Riza venait d'appliquer vigoureusement un coton imbibé d'alcool sur la blessure de Roy. Après avoir désinfecté les plaies, elle les pansa. Pendant qu'elle rangeait la trousse de soins, Riza demanda :
- Roy, tu n'as pas remarqué un truc bizarre avec ces meurtres ?
- A part que c'était toujours dans des ruelles, non.
- Souviens-toi du jour où on l'a attirée dans le parc…
- Avec de la viande fraîche.
- Et ça te met pas la puce à l'oreille ?
Roy réfléchit alors à vive allure et se rappela que les victimes avaient toutes été attaquées près de…
-… les poubelles…
- Bien, mon chéri.
- Miaou, je m'habille et on fonce au QG. Je pense que le point commun est plus précisément les poubelles de restaurant de grillades. J'ai besoin de confirmation.
- Et de finir tes dossiers !!
Roy grogna tout en s'habillant. Il appelait Riza en miaulant, exacement comme la première fois.
Du côté du reste de l'équipe, eux aussi avaient trouvé un étrange point commun entre les différentes victimes. Ils faisaient bien gentiment leur boulot en attendant que les 2R reviennent, ce qui prendrait un certain temps, selon eux.
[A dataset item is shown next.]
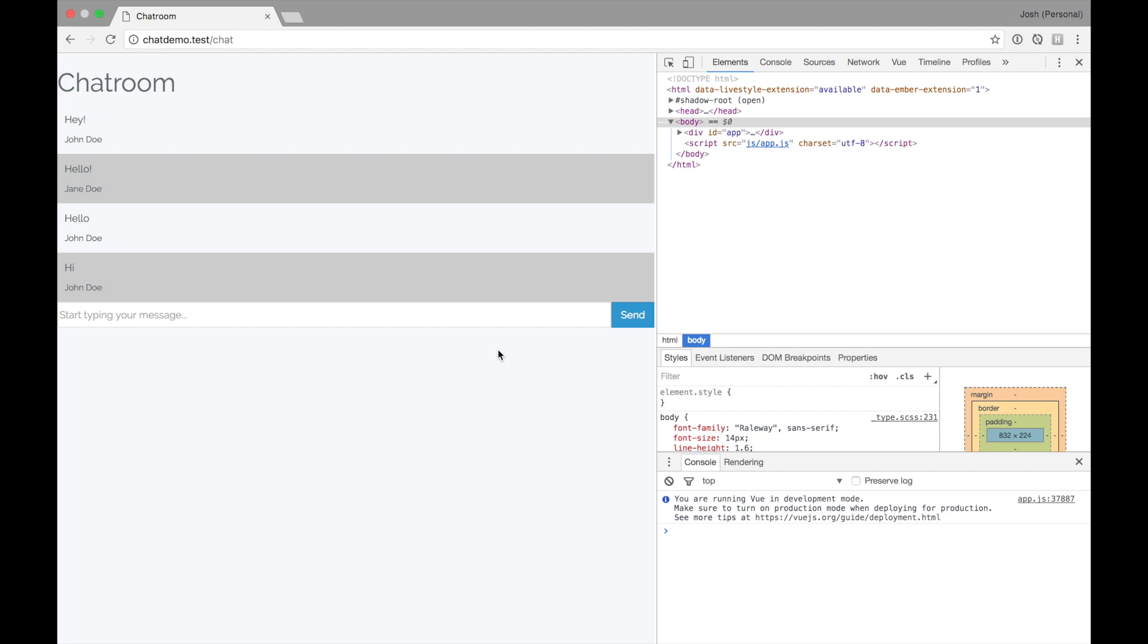So in our last video, we built out this interactive chat application, only the front end using Vue components. And it was a lot to cover, but now we want to get connected to Laravel and start persisting some of these messages to the database, as well as add some user authentication.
Finalement, ils n'attendirent pas longtemps avant que Mustang ne vienne s'asseoir en bougonnant à son bureau. Riza expliqua aux quatre zigotos ce qu'ils avaient trouvé pendant les soins. En faisant le recoupement avec leurs pensées, ils découvrirent que toutes les victimes avaient été attaquées à proximité de poubelles de restaurant de grillades. Ils passèrent le reste de l'après-midi à essayer de trouver un moyen de piéger la chimère – utiliser Jeannette comme appât, planquer un piège dans une benne à ordure…- mais ils ne trouvèrent rien d'assez efficace.
Chacun rentra chez soi avec comme mission de trouver une réponse à cette énigme. Roy et Riza rentrèrent chez « eux » et tout en préparant à manger, ils réfléchirent à cette question. Et Hayate, me direz-vous ? Il vit sagement chez Roy, Riza ayant réussi à instaurer un climat propice entre les deux bébêtes. Il dormait dans la cuisine et se débrouillait pour ne jamais croiser la route du félin.
Pendant le dîner, les deux tourtereaux discutaient de tout et de rien, mais surtout de câlins à expérimenter. Après le dîner, Riza alla voir comment évoluaient les blessures de Roy. Les saignements avaient cessé mais les plaies n'étaient pas encore refermées. Avoir le nez sur un torse aussi parfait avait malheureusement tendance à troubler Riza. Roy ne tarda pas à le constater lorsqu'elle se pencha pour jeter les pansements à la poubelle.
- Bon, je vais prendre une douche, fit Roy.
Riza sentit vite le piège arriver : Roy ne supportait pas le contact avec l'eau quand il était en chimère féline. Elle se releva et le vit s'approcher d'elle. Elle vira au rouge direct en remarquant qu'il était déjà prêt pour aller sous la douche. Il commença par l'embrasser délicatement tout en enlevant sa veste.
Lorsque Riza fut débarrassée de ses effets militaires, elle s'agrippa à Roy, manifestant une grande envie de savourer ce corps musclé. Hayate pointa son museau à la porte ouverte de la salle de bains et découvrit comment les humains se prouvaient mutuellement leur amour.